各国政府纷纷将仿市场的机制引入高等教育领域,希望通过竞争和私有化扩大高等教育入学通道、提升高等教育的质量和办学效率、促进高等教育机构的多元发展,使其可以更好地满足学生的选择和大众的需求。具体表现在:鼓励开设私立高等教育机构、竞争性的科研拨款机制、更加公开全面地向社会发布高等教育质量信息、保护大学的专利所有权、大学服务和活动的外包等。[8]
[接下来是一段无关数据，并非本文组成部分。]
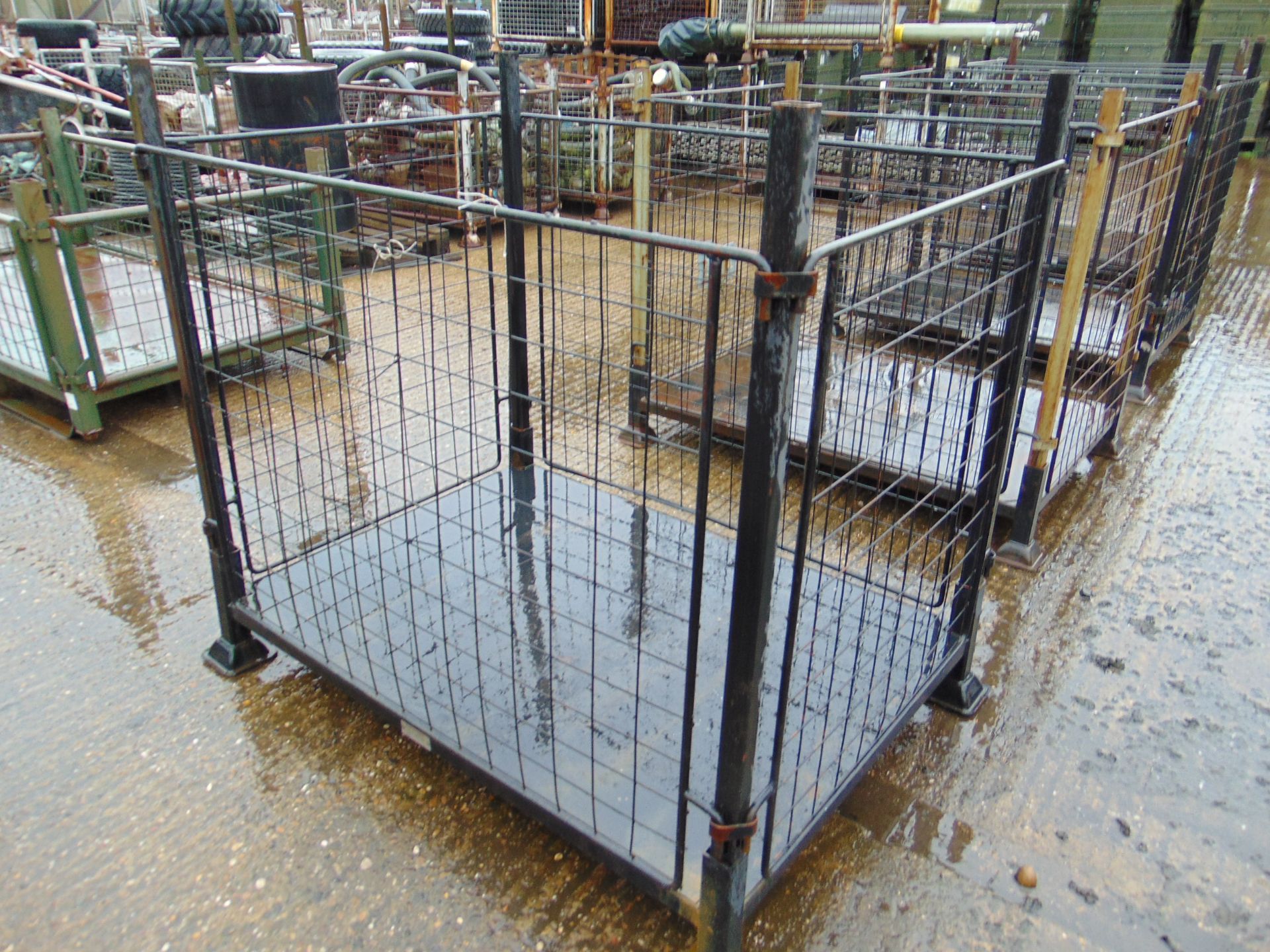 Steel Stacking Stillage with removeable sides and corner posts. - Image 2 of 5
(一)实现大学多元发展陷入困境,现实的趋同效应日益显著

高等教育市场化的初衷之一就是通过市场机制增设高等教育机构的数量和种类,使学生能够拥有更多的选择。关于多元一词的内涵,引用最为普遍的是指在特定的国家和地区内,不同种类的高等教育机构拥有不同的特定使命,旨在培养和训练不同职业生涯的学生群体,拥有不同的教学方法,其组织方式和资助方式依循不同的法律,且和政府之间的关系不全然相同。但从发展情况来看,这种制度设想并没有完全实现,反而是导致了院校间争先恐后在教学和科研领域求大求全。其实,追求多元发展并非是高等教育发展史上的创新,而其新处是通过市场机制来引导,而非政府导向,鼓励院校找到自己的“市场定位和机遇”。 某种程度上讲,高等教育中的多元性着重强调的是院校间差异的程度,而非单纯的形态或学制多样化。尽管从院校内部来讲,无论是学科设置还是人员招聘,多元性都比以前增加了。然而,不论是英国还是澳大利亚,最终的结果却是大学模式逐渐走向了统一,造成了院校间彼此模仿和复制。[9]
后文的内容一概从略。